GOAL OF THE EXERCISE: Copy nothing but the lines below running from the line containing "Apartamento · 130m²" through the line containing "Televisión (Finalizado) Liga", both end lines included.

========================

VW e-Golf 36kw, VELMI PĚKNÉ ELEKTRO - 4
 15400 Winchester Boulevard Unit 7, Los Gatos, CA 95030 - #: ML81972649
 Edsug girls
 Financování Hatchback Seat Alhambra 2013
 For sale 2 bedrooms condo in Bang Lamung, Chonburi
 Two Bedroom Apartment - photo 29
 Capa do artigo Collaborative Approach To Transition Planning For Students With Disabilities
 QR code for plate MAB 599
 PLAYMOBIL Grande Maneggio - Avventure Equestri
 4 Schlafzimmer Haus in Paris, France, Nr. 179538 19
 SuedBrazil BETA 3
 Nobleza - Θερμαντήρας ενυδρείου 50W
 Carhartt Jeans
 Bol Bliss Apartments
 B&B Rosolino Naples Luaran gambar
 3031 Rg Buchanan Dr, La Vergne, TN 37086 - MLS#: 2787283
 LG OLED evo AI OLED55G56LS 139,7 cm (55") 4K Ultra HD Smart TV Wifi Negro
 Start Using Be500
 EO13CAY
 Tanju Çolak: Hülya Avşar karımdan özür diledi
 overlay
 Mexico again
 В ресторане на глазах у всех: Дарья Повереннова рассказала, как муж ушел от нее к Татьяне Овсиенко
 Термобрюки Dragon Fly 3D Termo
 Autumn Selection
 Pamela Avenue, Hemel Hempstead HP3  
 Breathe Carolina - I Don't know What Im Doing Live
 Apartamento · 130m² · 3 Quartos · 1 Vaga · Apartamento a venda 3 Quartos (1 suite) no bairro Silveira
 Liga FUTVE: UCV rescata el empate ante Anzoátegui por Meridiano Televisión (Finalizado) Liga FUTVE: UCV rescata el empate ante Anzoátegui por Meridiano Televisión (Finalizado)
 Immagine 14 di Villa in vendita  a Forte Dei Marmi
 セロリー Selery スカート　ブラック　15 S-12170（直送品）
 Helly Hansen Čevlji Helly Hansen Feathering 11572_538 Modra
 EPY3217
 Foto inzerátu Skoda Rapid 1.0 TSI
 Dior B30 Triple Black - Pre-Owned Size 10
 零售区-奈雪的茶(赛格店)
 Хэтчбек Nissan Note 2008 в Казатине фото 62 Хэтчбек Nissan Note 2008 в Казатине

========================

EXERCISE ANSWER:
 Apartamento · 130m² · 3 Quartos · 1 Vaga · Apartamento a venda 3 Quartos (1 suite) no bairro Silveira
 Liga FUTVE: UCV rescata el empate ante Anzoátegui por Meridiano Televisión (Finalizado) Liga FUTVE: UCV rescata el empate ante Anzoátegui por Meridiano Televisión (Finalizado)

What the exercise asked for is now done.